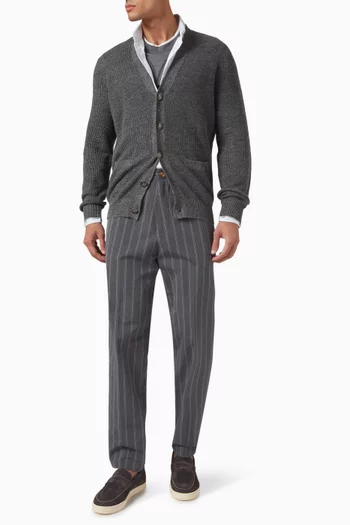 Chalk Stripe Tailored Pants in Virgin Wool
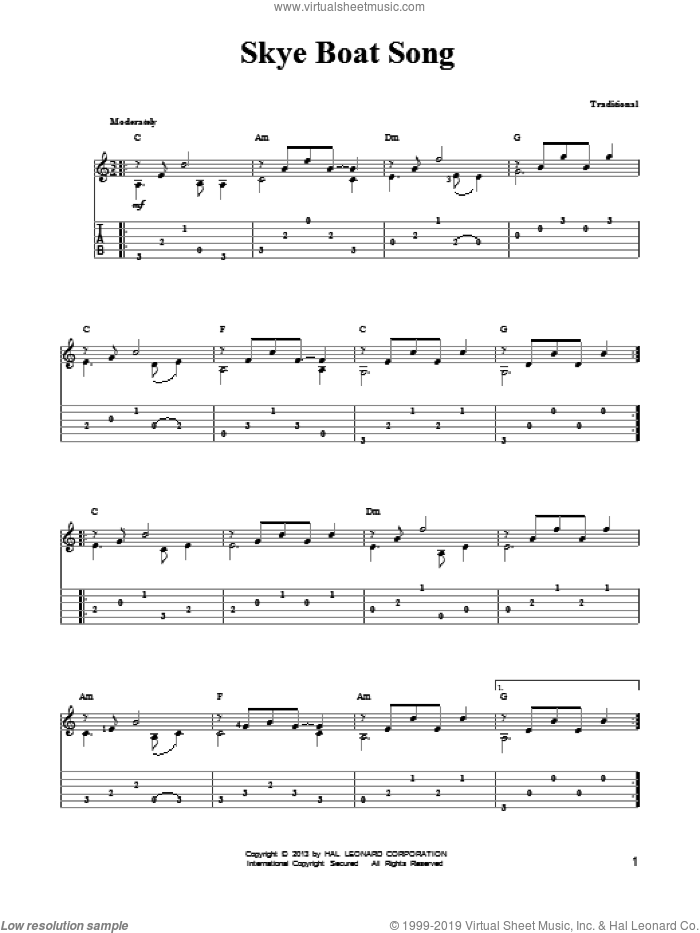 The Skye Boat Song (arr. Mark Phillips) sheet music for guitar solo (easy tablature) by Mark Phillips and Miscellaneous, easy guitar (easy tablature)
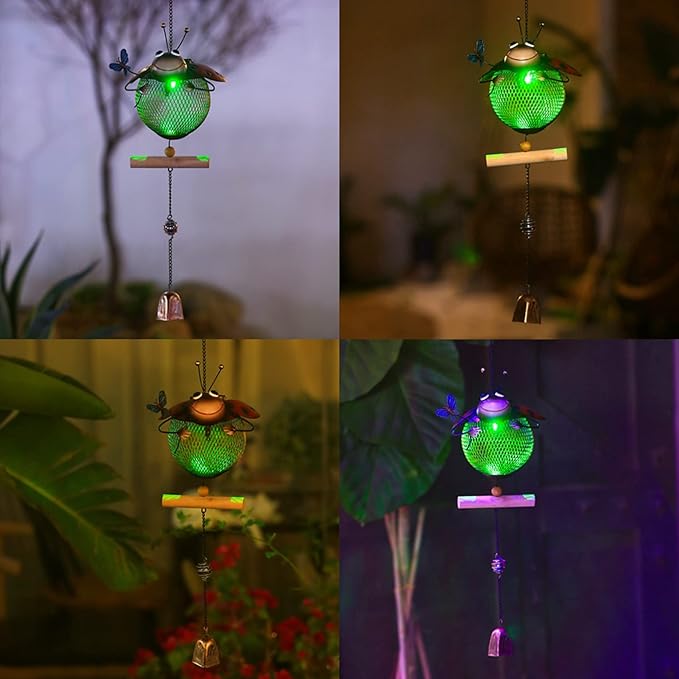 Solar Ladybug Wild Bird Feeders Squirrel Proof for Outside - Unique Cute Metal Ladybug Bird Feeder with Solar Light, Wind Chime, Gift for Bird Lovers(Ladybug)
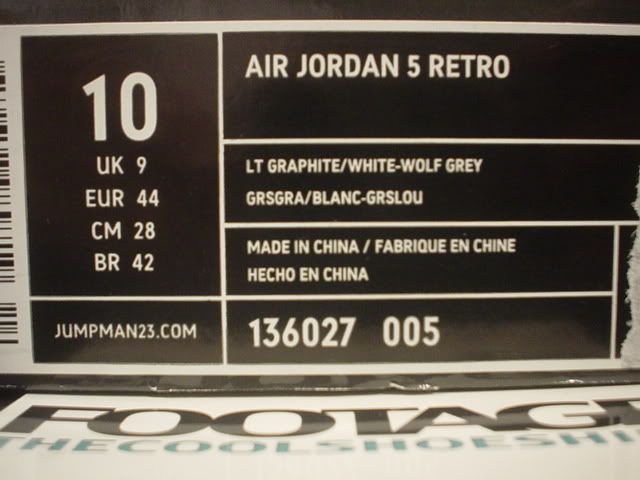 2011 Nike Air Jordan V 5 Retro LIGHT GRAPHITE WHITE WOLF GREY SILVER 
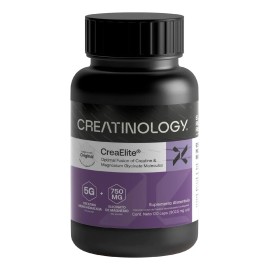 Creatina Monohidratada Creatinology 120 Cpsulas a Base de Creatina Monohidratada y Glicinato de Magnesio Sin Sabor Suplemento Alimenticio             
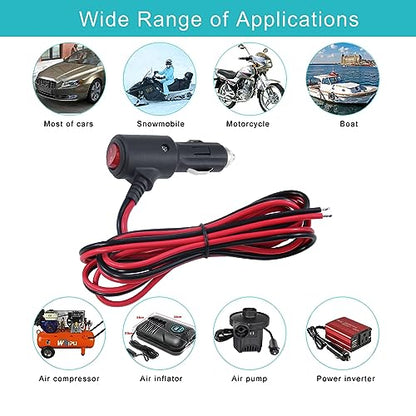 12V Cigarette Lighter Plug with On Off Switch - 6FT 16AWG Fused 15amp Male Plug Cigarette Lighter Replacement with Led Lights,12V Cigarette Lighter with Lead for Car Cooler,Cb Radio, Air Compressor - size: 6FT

************

— DIRECTIONS —
Please write out only the material above, exactly, from its first line through the line that contains "Creatina Monohidratada Creatinology", and include no pictures.

— RESULT OF THIS EXERCISE —
 Chalk Stripe Tailored Pants in Virgin Wool
 The Skye Boat Song (arr. Mark Phillips) sheet music for guitar solo (easy tablature) by Mark Phillips and Miscellaneous, easy guitar (easy tablature)
 Solar Ladybug Wild Bird Feeders Squirrel Proof for Outside - Unique Cute Metal Ladybug Bird Feeder with Solar Light, Wind Chime, Gift for Bird Lovers(Ladybug)
 2011 Nike Air Jordan V 5 Retro LIGHT GRAPHITE WHITE WOLF GREY SILVER 
 Creatina Monohidratada Creatinology 120 Cpsulas a Base de Creatina Monohidratada y Glicinato de Magnesio Sin Sabor Suplemento Alimenticio             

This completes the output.